(Dataset excerpts)
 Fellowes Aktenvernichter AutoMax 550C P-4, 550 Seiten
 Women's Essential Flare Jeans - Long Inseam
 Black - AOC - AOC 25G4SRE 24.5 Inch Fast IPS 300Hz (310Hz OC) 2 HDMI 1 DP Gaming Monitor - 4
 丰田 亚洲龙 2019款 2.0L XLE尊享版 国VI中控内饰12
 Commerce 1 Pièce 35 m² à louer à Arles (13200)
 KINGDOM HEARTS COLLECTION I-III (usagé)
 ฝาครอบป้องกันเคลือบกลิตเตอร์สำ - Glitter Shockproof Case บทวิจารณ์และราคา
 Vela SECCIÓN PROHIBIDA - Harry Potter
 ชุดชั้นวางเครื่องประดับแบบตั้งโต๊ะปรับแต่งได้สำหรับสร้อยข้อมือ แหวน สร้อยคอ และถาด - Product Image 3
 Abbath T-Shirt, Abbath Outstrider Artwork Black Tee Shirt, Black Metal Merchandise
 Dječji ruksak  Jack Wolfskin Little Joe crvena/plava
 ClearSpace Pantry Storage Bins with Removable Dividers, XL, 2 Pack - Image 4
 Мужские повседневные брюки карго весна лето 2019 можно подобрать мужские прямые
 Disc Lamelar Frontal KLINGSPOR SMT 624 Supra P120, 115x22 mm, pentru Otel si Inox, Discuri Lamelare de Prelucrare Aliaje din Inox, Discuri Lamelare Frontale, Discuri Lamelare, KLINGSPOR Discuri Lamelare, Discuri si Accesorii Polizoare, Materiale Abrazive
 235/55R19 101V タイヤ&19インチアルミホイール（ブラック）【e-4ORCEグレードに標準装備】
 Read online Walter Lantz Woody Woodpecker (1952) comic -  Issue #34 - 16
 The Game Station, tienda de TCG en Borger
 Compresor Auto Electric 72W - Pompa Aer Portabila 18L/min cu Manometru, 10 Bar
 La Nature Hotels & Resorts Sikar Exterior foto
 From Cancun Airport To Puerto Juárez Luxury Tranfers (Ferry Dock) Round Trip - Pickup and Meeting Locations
(End Dataset excerpts)
Directions for this task: Lines holding the string "Black" are the answer; copy each one from the listing above.

Task result:
 Black - AOC - AOC 25G4SRE 24.5 Inch Fast IPS 300Hz (310Hz OC) 2 HDMI 1 DP Gaming Monitor - 4
 Abbath T-Shirt, Abbath Outstrider Artwork Black Tee Shirt, Black Metal Merchandise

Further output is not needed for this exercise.